Whose Fault is a Drug Addiction? Parents or Individuals?
Not long ago I was conducting a therapy group at Sunrise Detox when a client shared about how bad he is, how he just can’t forgive himself, and that his addiction is all his fault. When I assured him that the disease is not his fault, another group member raised her hand and insisted that her disease is actually her parents’ fault. Again, I replied that her disease is not her parents’ fault.
I replied that no one is to blame for addiction. As is the case with diabetes and similar diseases, we are not responsible for having become addicted; we are only responsible for our recovery. Well, that set off a firestorm of controversy, and a great discussion. The questions flew! “Then whose fault is it,” blurted yet another member of the group.
“How can this not be my fault when I’m the one who picks up the drink/drug?”
“My parents make me so mad I just have to use…I can’t help it! How is that not their fault?”
“I’m an alcoholic and now my oldest son is an alcoholic too. He got this from me and I feel terrible about it.”
Sometimes We Feel the Need to Assign Blame
Considering the devastation that addiction causes in the life of a person, a family, even a community, it’s easy to see why there’s a desire to place blame. If it’s not someone’s fault, we feel even more out of control. Humans hate not knowing the “why” of things, and if we don’t get good answers we make up our own. I love it when these questions and comments come up, because I get to give people good news.
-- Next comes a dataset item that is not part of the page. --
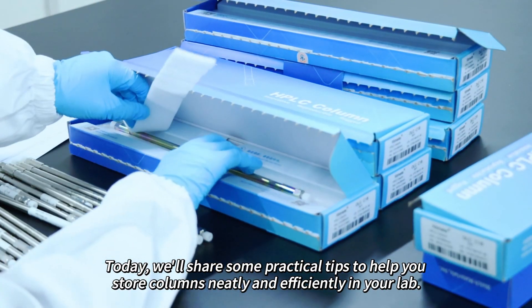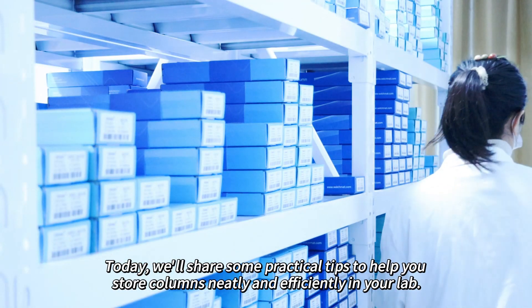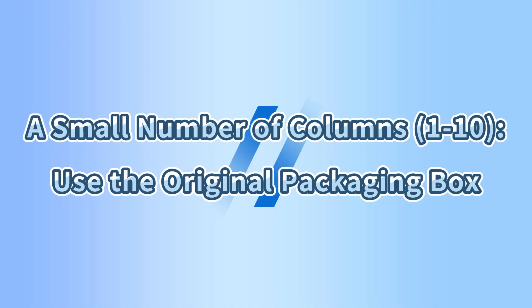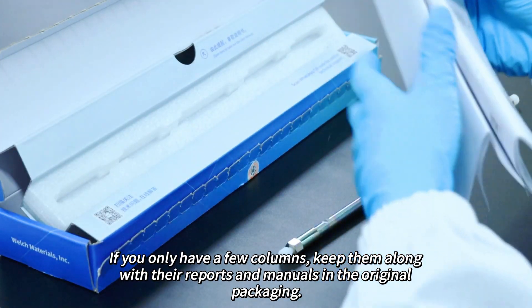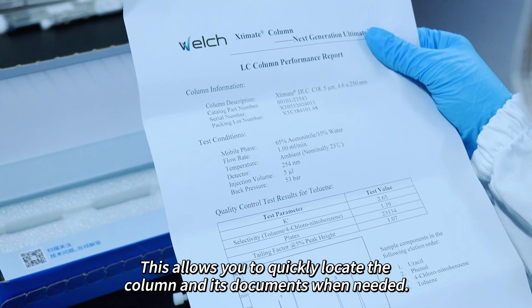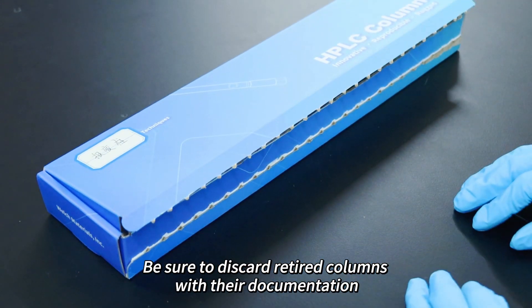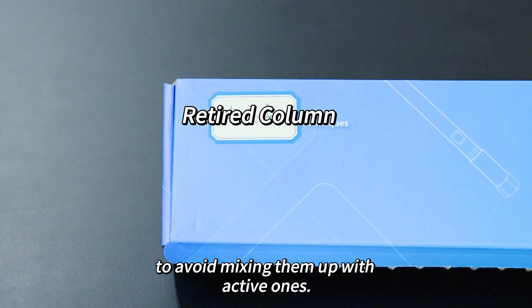Today, we'll share some practical tips to help you store columns neatly and efficiently in your lab. If you only have a few columns, keep them along with their reports and manuals in the original packaging. This allows you to quickly locate the column and its documents when needed. Be sure to discard retired columns with their documentation to avoid mixing them up with active ones.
We are, I remind the group, accountable for our behavior, in or out of active addiction. Our addictive behavior affects other people, so when the time comes, the right thing for us to do is to make amends: to the best of our ability fix or make right the damage we have done to others. We are accountable, even though we were not in our right minds when we did the damage.
Is Addiction a Disease?
We are not responsible, however, for having the medical condition that caused us to act as we did. Although we may have made some unwise choices along the way, not one of us set out to devastate our lives by becoming an addict. Social, psychological, neurological and genetic factors combined to make what was, at first, a pleasant experience into a perpetual nightmare. We did not choose for that to happen, and would certainly not have done what we did if we had any idea of the real consequences. We are, perhaps, guilty of bad judgement. But we are not guilty of addiction.
Responsibility for an Addiction is Not The Same as Responsibility for Recovery
A parent who may feel guilty for passing the gene along needs to know that we have no more control over our offspring’s addiction than over the color of their eyes. The only control that we have regarding a child’s addiction from this day on is to be an honest example of recovery, a model of living in the solution and of finding happiness without substances.
We Are Responsible for Our Recovery
Just as we are not guilty of our own addiction and have no control over the addictions of others, others have no control over our addiction. We can remain solid in our recovery even if we are stressed, enraged, wounded, or feel uncomfortable about the behavior of someone else. However, we may find that distancing ourselves from people who trigger those emotions is beneficial for us, especially early on. That makes it easier to disentangle our emotions from theirs, strengthen our recovery, and develop some healthy boundaries. No matter what anyone else does, our recovery is our own responsibility.
Addiction— whether our own or that of others — is nobody’s fault. Sometimes stuff just happens, and no one is to blame.